Vamos ao conceito: o PIB mede toda a produção de bens e serviços finais, produzidos em um determinado país, num espaço de tempo (trimestre, ano…). Por que bens finais? Para não contabilizar várias vezes o mesmo bem. Por exemplo, o trigo que é utilizado na farinha de trigo, no pão, no hambúrguer. Se somarmos a produção (em reais) desses três produtos, contabilizaríamos o trigo quatro vezes (o seu valor original e as outras três etapas da cadeia simplificada). Dessa forma, subtraímos do ‘valor bruto da produção’ o chamado ‘consumo intermediário’. O PIB é, portanto, a soma do valor adicionado da produção.
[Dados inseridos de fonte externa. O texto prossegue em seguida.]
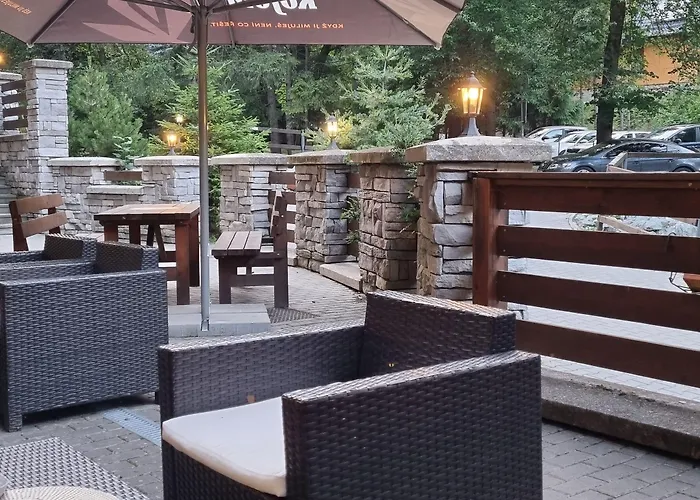 Fatrapark 2 Hrabovo - Hlavná Recepcia * Ruzomberok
Para chegarmos aos R$ 7,3 trilhões do ano de 2019, precisamos também adicionar os impostos.

Podemos também obter o resultado do PIB a partir de outras duas óticas. A primeira contabilizando tudo o que foi gasto no período analisado. Já a segunda a partir de toda a renda gerada na economia com o processo produtivo. Note que essa igualdade contábil se dá porque os valores dessas três somas (pelas óticas de produção, gasto e renda) são, em unidades monetárias, iguais. Mas isso não significa que sejam exatamente a mesma coisa.

O primeiro problema da nota é utilizar a ótica das despesas para definir um PIB Privado e um PIB Público. PIB (Produto Interno Bruto) é conceitualmente produção. Quando o governo compra uma cadeira para uma escola, isso entraria como o PIB de quem? Do governo, por ser gasto do Estado? Mas não foi produzido pelo setor privado? Isto dá uma primeira ideia do problema dessa decomposição.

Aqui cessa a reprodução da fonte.